Our Summer Serving in Homer, Alaska travel blog

Sandhilll Cranes - rusty

Thousands of Shorebirds

Hundreds of thousands of shorebirds

In flight


Masses glitter in the sunlight

Date: May 10, 2013

Tonight’s Location: Homer, AK

Weather: am clouds, pm sun

Temperature: start 42º

High 50º

Wildlife count: 8 Moose, Seals, Sea Otters, Pine Squirrel

Year List: 217, Life List: 352

Birds: American and Eurasian Wigeon, Scaup, Gadwall, Bufflehead, Red-necked Grebe, Mallard, Tundra Swan, Green-winged Teal, Least and Western Sandpipers, Sandhill Cranes, Ruby-crowned Kinglet, Lesser and Greater Yellowlegs, Fox Sparrow, Common Raven, Northwestern Crow, Bald Eagle, Common Loon, White-winged Scoter, Harlequin Ducks, Short-billed Dowitchers, Northern Pintail, Cackling Geese, Pacific Golden-Pover, Whimbrel, American Pipit, Common Murre, Black-legged Kittiwake, Pelagic Cormorant, Horned Grebe

We began the morning on Beluga Lake, where we saw our first Eurasian Wigeon, a beautiful red-headed duck. New friends had told us to bird there. We saw seven moose around the lake with only one on our side. John went back to the truck, and I turned to see two moose trotting alongside of the lake, which created a huge flurry with the swan, geese and ducks that were within the range of their hooves! Nature at its finest!

We still had a little time, so we stopped at the Lighthouse Village to see a bunch of Least Sandpipers busily eating as fast as they could find food. All of the shorebirds that stop in Kachemak Bay use this as a major food source to complete the rest of their migration, which could be as much as 1000 miles to their nesting grounds. It is a major migration stop of vital importance for these birds.

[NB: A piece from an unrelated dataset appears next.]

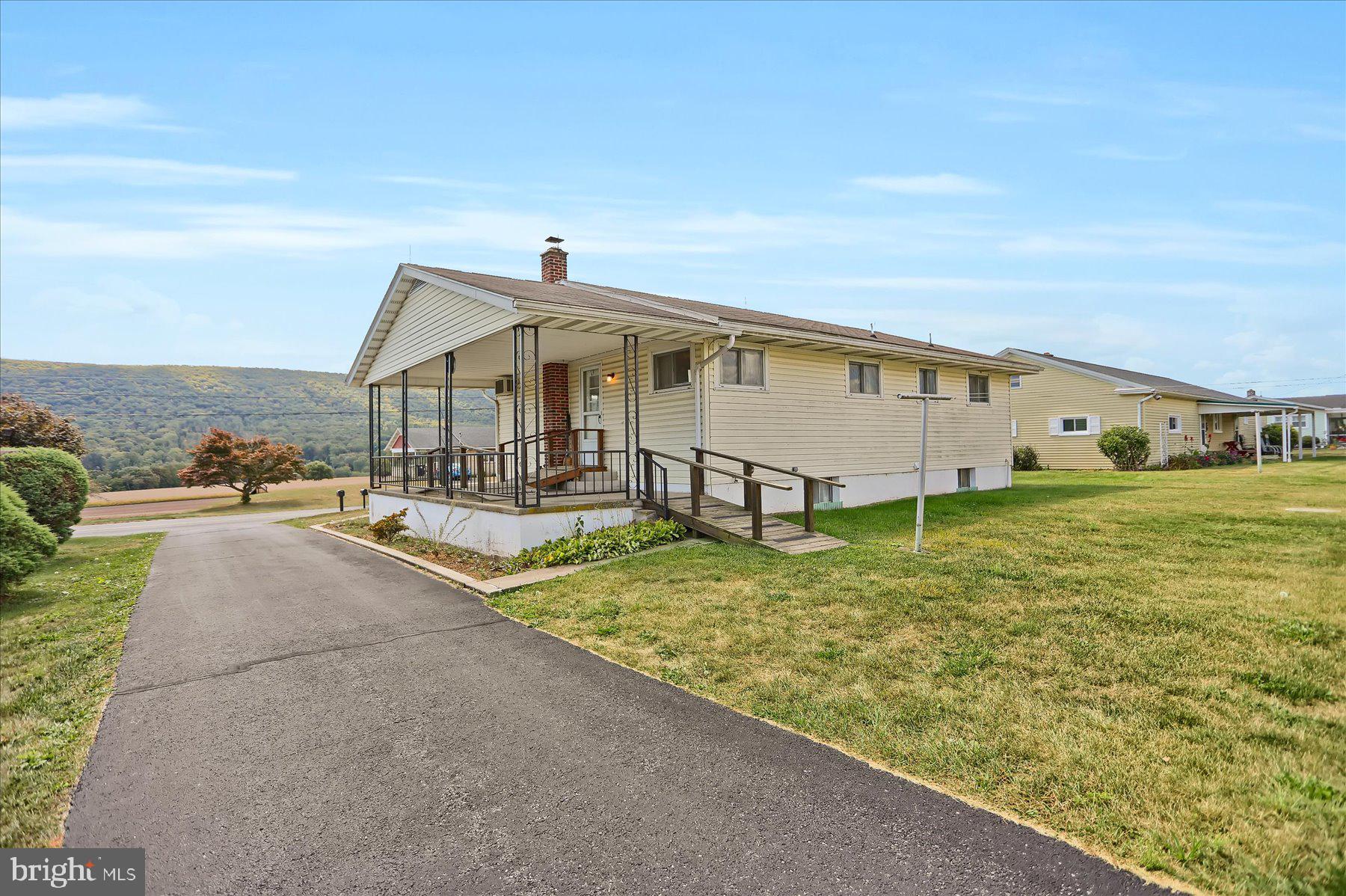 616 West Maple Street Valley View, PA 17983 - Photo 3 of 25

We spent a little time with Ben Lizdas, the Eagle Optics representative, to check on our scope, which is in great shape. Ben led the presentation on optics, which was excellent, some of which we may use in our programs during the summer and winter.

After a quick lunch break at the rv, we walked and birded Bishop’s Beach, which is in front of the Visitor’s Center, viewing many seabirds as the tide was coming in. Since the tide ranges over 20’ often, it is possible to get caught on a sand spit – one has to always be mindful of the approaching tide – we could easily watch it creep up on us.

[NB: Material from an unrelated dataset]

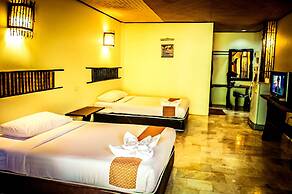 The Hub Erawan Resort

We watched the program on the Snowy Plover nesting program in Mexico, presented by a young graduate student who had completed her Master’s Program with the Snowy Plover counts. It was very interesting in light of the Snowy Plover work we have done in Oregon.

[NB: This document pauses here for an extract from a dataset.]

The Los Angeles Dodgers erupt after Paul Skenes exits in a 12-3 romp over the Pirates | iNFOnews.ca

We passed on working the scopes, as there were enough volunteers today, in order to participate in a Shorebird Walk with two experts, George Matz, who has led shorebird walks here for years and coordinates the Shorebird Monitoring Program and Nils Warnock, who is the Director of Audubon Alaska. It was a fascinating hike, where we viewed thousands of birds, hiking the sand-spit in Mud Bay. We learned so much from those two gentlemen. We hauled our scope and lots of folks welcomed the chance to see the birds close-up, including some delightful children.

After a bowl of chili at home, we attended the Welcome Reception for the keynote speakers, but didn’t stay very long – it was sunny and there were birds to see! We stopped at the Alaska Marine Ferry dock just in time to watch a Common Loon fishing – it caught a fish that was almost as large as it was, so there was quite a drama as it worked to get that fish eaten! At the end of the spit, we watched flock after flock of Common Murre, before we determined that we were too tired to hold up our binoculars any more – it has been a great day!